South Africa’s President is facing questions around his public support for world leaders who enforce legislation that legalises the hanging of homosexuals.

President Cyril Ramaphosa tweeted about his warm and friendly conversations with two controversial world leaders who have been widely criticised for their anti-LGBT+ views,  human rights abuses, and repressive leadership.

“Earlier today I had a most wonderful conversation with His Excellency President Hassan Rouhani of the Islamic Republic of Iran.

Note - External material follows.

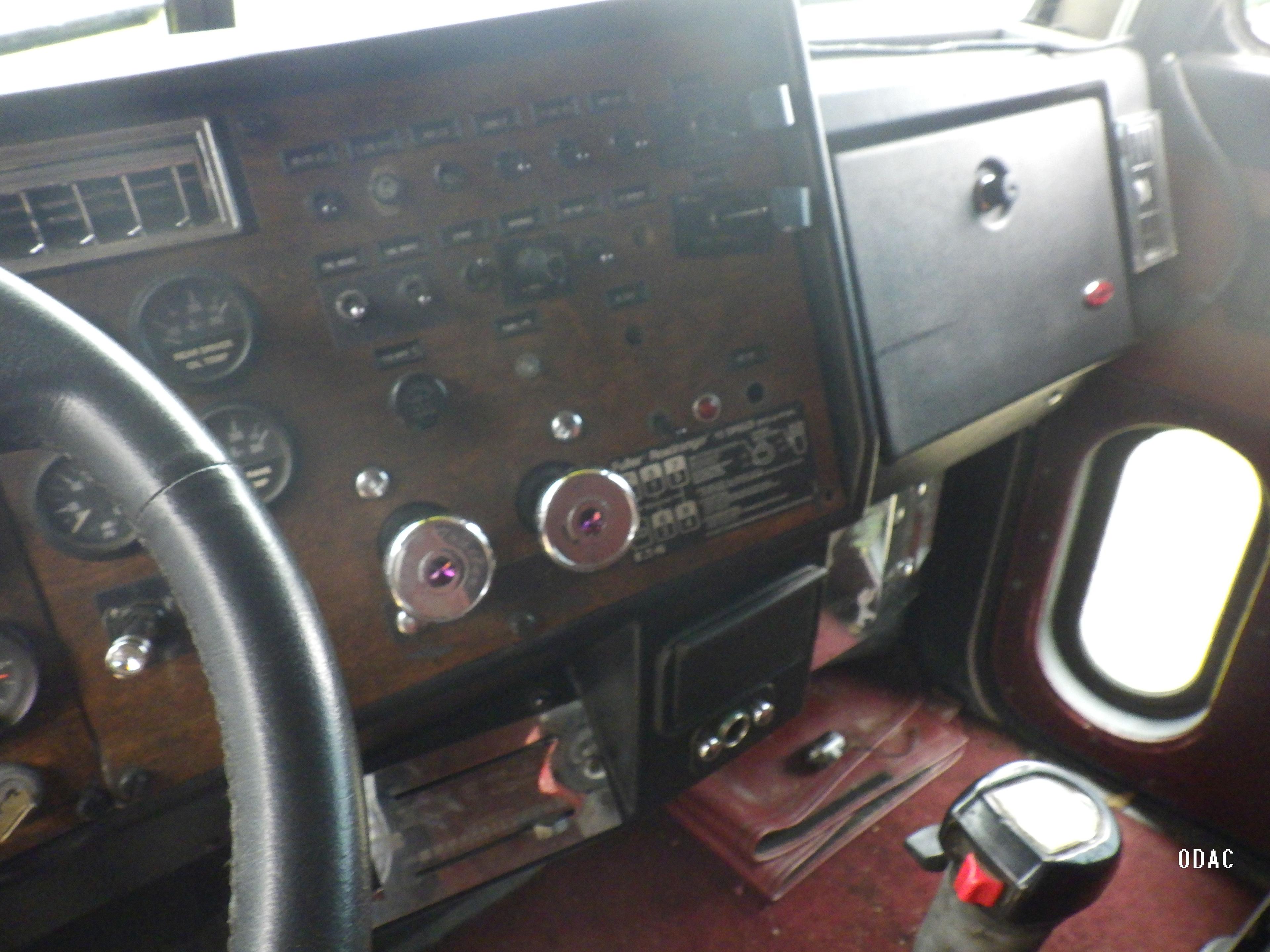 (2181) 1988 Peterbilt 377 Road Tractor (w/Title)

Like many countries across the world, the coronavirus has had a devastating impact on #Iran and has caused serious damage to their economy,” Ramaphosa tweeted.

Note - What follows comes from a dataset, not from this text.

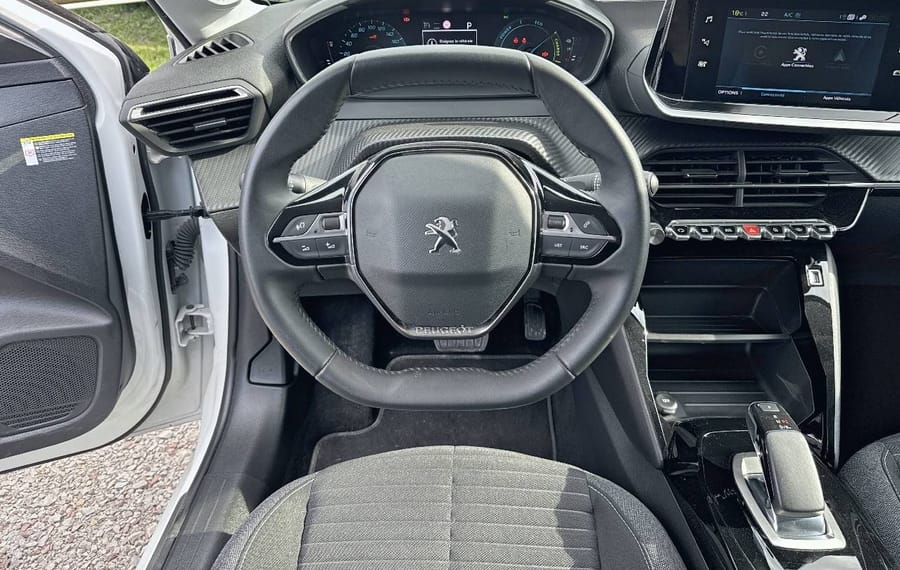 Choisissez votre peugeot 208electrique chez CarGo Flex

While many political commentators in South Africa say that Ramaphosa’s concerns about the humanitarian issues of the people of Iran due to the coronavirus and sanctions is admirable, they questioned his warm tone towards the leader of a nation who opposes free speech, killing protestors, and enforces laws that make homosexuality illegal and punishable by death.  

“Iranian law vaguely defines what constitutes acts against morality, and authorities have long censored art, music, and other forms of cultural expression, as well as prosecuted hundreds of people for such acts,” explained Human Rights Watch. “These laws often disproportionally target women and sexual minorities.”

Additionally to his warm tweet about his call with the Iranian leader, Ramaphosa also boasted about another call with the Venezuelan President Nicolas Maduro

“I had a call with my Brother, President Nicolas Maduro of Venezuela yesterday. Our two countries share a close and deep historical bond based on friendship, solidarity and cooperation.”

Maduro who has been described as a dictator and made headlines after calling opposition members and opponents “big faggots,” has also been accused of crimes against humanity and human rights abuses including allowing extrajudicial killings of poor people.

Human Rights Watch also notes that “The massive exodus of Venezuelans fleeing repression and shortages represents the largest migration crisis of its kind in recent Latin American history.”